**EXERCISE DIRECTIONS**:
Among the lines below, a stretch begins at the one with "GXP1628 GXP Series Basic IP Phones" and ends at the one with "Eclat 10 lettres". Repeat that stretch exactly, ends included.

**EXCERPTED RECORDS**:
##########
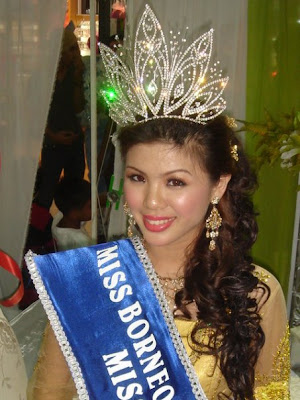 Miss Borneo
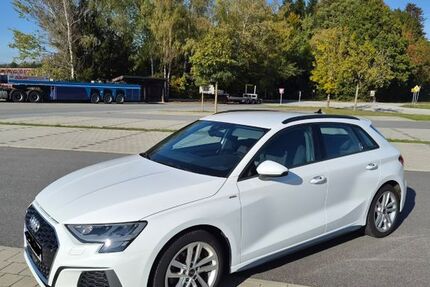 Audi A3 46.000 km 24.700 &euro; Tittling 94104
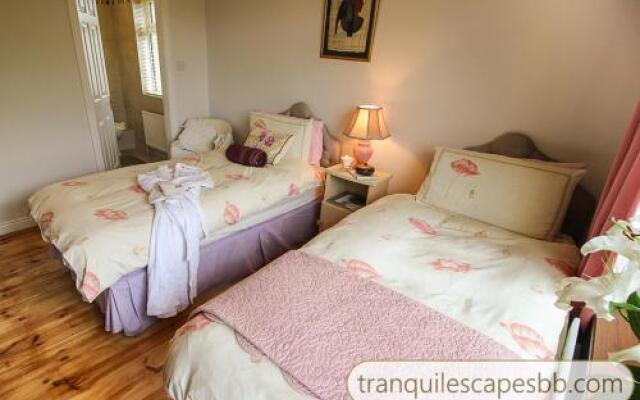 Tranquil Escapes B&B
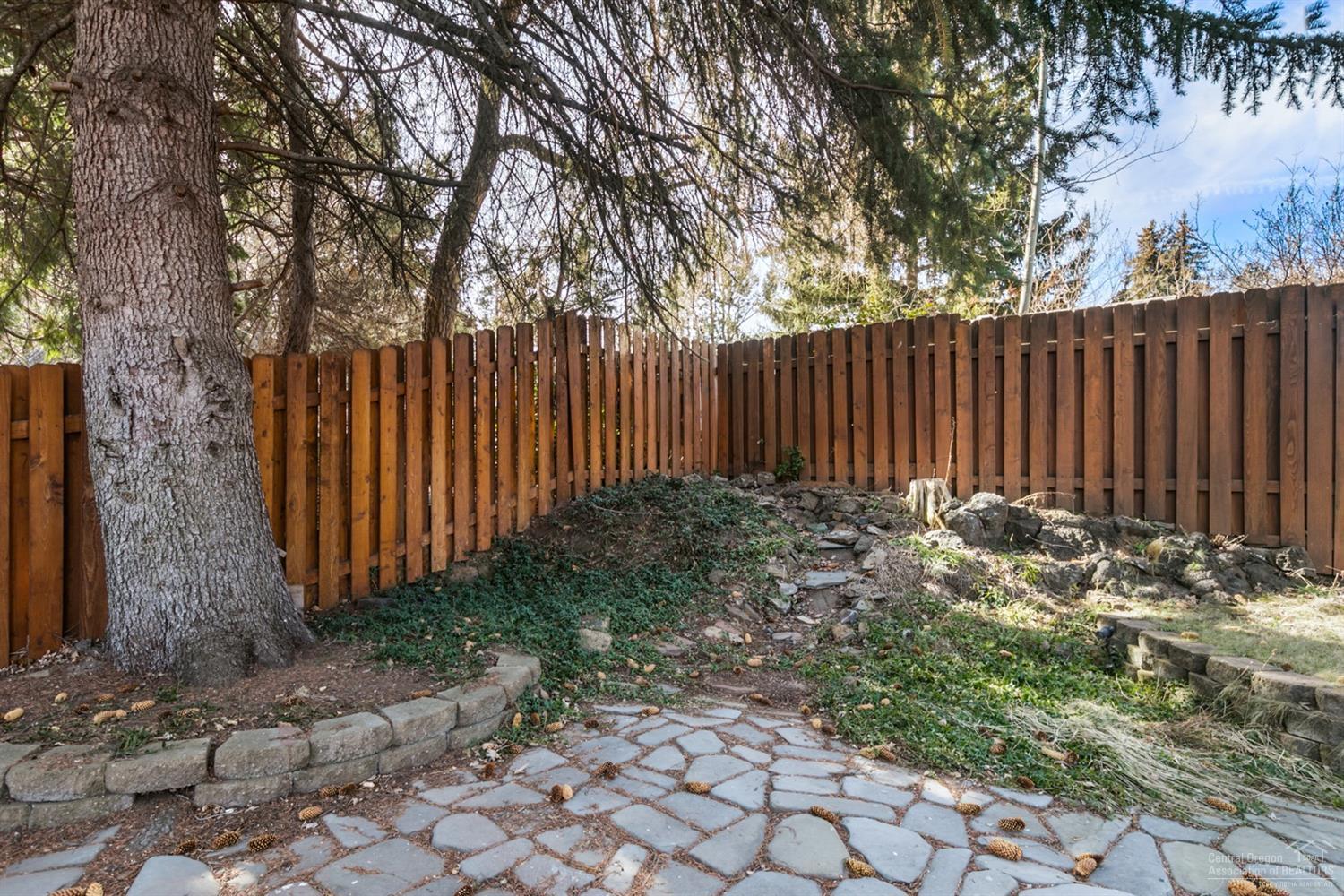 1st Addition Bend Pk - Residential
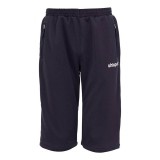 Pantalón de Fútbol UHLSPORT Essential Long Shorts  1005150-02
##########
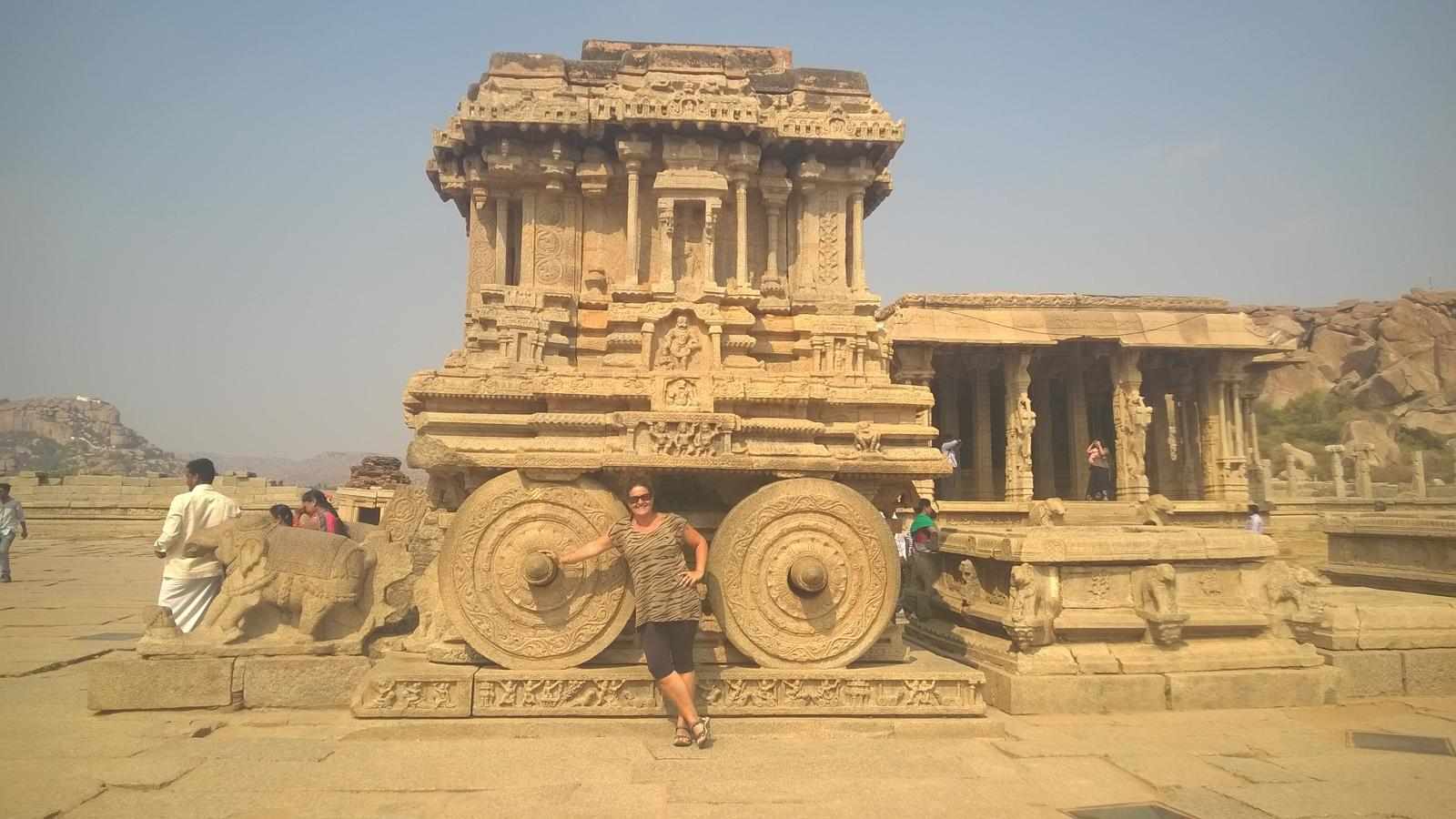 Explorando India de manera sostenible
##########
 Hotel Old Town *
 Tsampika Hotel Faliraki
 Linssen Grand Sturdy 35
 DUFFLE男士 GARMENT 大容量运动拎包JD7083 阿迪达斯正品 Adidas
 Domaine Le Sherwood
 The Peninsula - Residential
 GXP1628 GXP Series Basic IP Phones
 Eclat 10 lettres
##########
**ANSWER SECTION**:
 GXP1628 GXP Series Basic IP Phones
 Eclat 10 lettres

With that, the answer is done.